FIELD NOTE · 2026-04-15 · ASIC · CROSS-BORDER DISCLOSURE

ASIC RG 268 Cross-Border Disclosure — Three UX Patterns

Three ways to surface the jurisdiction-specific warning. One of them is almost always the right answer in production.

ASIC Regulatory Guide 268 governs how Australian-licensed financial services firms handle cross-border retail clients — and specifically the point at which a non-Australian client, or an Australian client being offered a non-Australian product, is placed in front of a transaction they can still back out of. The guide requires that the client sees, and meaningfully engages with, a jurisdiction-specific disclosure before each relevant transaction. Not once at onboarding. Every time.

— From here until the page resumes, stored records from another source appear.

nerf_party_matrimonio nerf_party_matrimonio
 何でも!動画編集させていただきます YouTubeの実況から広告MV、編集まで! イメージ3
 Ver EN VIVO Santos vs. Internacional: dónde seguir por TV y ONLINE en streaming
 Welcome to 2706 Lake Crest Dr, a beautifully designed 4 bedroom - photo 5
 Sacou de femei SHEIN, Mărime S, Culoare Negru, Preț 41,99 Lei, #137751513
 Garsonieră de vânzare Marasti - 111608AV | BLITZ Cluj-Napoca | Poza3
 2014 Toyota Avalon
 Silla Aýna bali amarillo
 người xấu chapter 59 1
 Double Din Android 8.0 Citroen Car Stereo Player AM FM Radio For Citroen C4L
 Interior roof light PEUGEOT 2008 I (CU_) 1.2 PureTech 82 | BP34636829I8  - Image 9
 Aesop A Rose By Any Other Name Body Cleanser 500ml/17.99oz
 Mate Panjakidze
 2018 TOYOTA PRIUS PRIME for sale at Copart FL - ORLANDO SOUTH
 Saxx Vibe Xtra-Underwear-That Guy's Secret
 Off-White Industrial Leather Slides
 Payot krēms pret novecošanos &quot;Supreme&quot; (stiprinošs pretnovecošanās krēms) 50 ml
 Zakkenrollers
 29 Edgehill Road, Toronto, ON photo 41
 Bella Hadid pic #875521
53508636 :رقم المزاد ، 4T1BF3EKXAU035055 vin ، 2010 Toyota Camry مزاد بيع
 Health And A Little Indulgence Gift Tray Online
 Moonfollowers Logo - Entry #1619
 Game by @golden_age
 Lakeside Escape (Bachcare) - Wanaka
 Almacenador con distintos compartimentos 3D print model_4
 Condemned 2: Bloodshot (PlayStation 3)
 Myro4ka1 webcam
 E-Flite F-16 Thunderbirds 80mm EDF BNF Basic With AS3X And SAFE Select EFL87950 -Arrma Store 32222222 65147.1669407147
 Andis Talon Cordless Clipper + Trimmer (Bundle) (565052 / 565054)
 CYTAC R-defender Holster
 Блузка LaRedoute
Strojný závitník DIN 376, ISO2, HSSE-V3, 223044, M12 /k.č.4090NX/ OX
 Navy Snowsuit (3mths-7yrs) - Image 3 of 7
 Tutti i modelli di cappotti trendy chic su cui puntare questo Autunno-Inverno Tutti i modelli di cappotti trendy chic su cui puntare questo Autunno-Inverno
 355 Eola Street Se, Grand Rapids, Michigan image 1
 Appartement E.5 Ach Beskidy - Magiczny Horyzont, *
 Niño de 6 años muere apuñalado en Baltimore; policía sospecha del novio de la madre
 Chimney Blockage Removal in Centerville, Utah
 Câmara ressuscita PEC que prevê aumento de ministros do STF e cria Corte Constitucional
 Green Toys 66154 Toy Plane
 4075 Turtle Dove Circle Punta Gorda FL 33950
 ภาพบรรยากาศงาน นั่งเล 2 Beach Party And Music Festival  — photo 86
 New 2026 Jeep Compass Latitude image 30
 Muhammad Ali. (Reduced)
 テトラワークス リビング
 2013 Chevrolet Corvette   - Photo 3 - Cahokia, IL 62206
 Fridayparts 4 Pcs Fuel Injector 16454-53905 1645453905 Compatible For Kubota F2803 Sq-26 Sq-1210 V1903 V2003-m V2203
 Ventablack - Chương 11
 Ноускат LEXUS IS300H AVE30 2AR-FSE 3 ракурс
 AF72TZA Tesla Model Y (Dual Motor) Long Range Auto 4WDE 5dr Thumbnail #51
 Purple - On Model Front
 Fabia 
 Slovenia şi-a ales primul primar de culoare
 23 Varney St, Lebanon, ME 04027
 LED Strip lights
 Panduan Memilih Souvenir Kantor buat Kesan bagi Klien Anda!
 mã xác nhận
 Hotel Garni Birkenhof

That "every time" is the whole design problem. Four years at ACY Securities, which holds ASIC AFSL 403863 and serves traders across 40+ jurisdictions, I watched this disclosure get designed and redesigned about six times across five platforms. Three patterns keep recurring. One of them wins in production almost every time.

Pattern A — Modal interstitial

What it looks like: The trader clicks SEND on an order. A modal blocks the screen. Red warning icon. Three paragraphs of disclosure text referencing the client's jurisdiction, the product's issuing entity, the regulator, and the PDS/TMD. "I acknowledge" button, disabled for 3 seconds. Click to proceed.

Pros: Compliance loves it. The disclosure is impossible to miss, the consent is explicit and timestamped, the legal audit trail is gold-plated.

Cons: It is the single most hated UI element on the entire platform. Traders hit it on every order. Within a week they learn to click through without reading. Within a month, compliance quietly admits the "meaningful engagement" the regulation requires has decayed into muscle memory. The modal has become friction, not consent.

Where it fits: The very first transaction after a jurisdiction change, or after a material product change. Never on every order.

Pattern B — Persistent header strip

What it looks like: A thin horizontal strip at the top of every trading screen. "You are trading with ACY Capital Australia Pty Ltd (AFSL 403863). Products are not regulated by [client's home regulator]. Full disclosure →". Always present, never interrupts.

Pros: No friction. Always visible. The disclosure is woven into the environment rather than thrown in front of the action.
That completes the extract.